AVAILABLE DATA
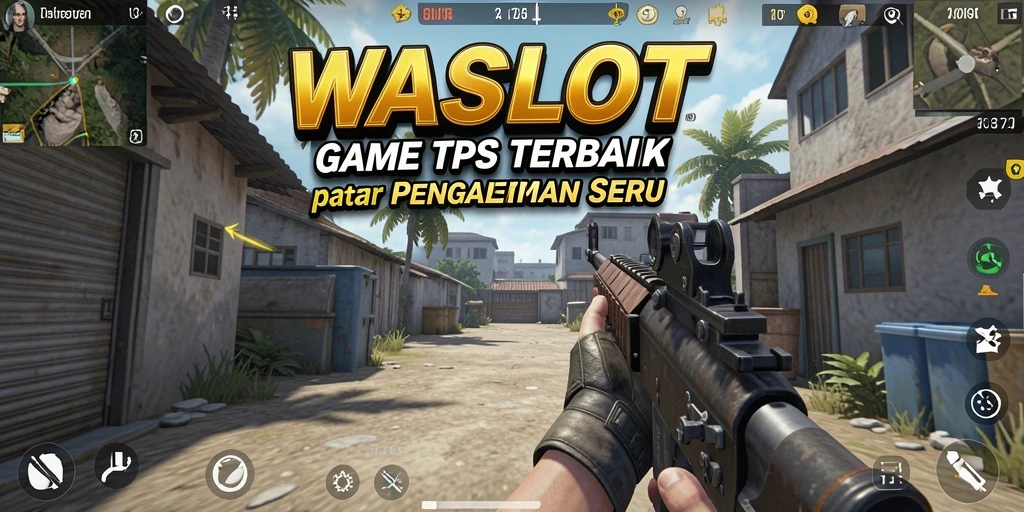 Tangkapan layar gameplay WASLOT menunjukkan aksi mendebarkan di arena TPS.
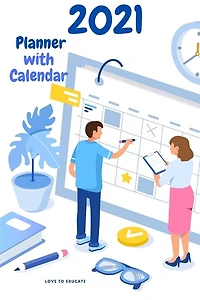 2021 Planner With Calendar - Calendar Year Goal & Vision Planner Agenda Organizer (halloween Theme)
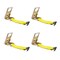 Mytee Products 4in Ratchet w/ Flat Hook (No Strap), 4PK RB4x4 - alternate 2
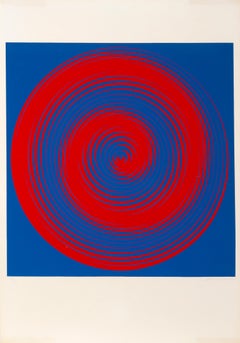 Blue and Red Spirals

WHAT THE EXERCISE ASKS
Every line of the material is to be quoted exactly, with no pictures carried over.

RESPONSE
 Tangkapan layar gameplay WASLOT menunjukkan aksi mendebarkan di arena TPS.
 2021 Planner With Calendar - Calendar Year Goal & Vision Planner Agenda Organizer (halloween Theme)
 Mytee Products 4in Ratchet w/ Flat Hook (No Strap), 4PK RB4x4 - alternate 2
 Blue and Red Spirals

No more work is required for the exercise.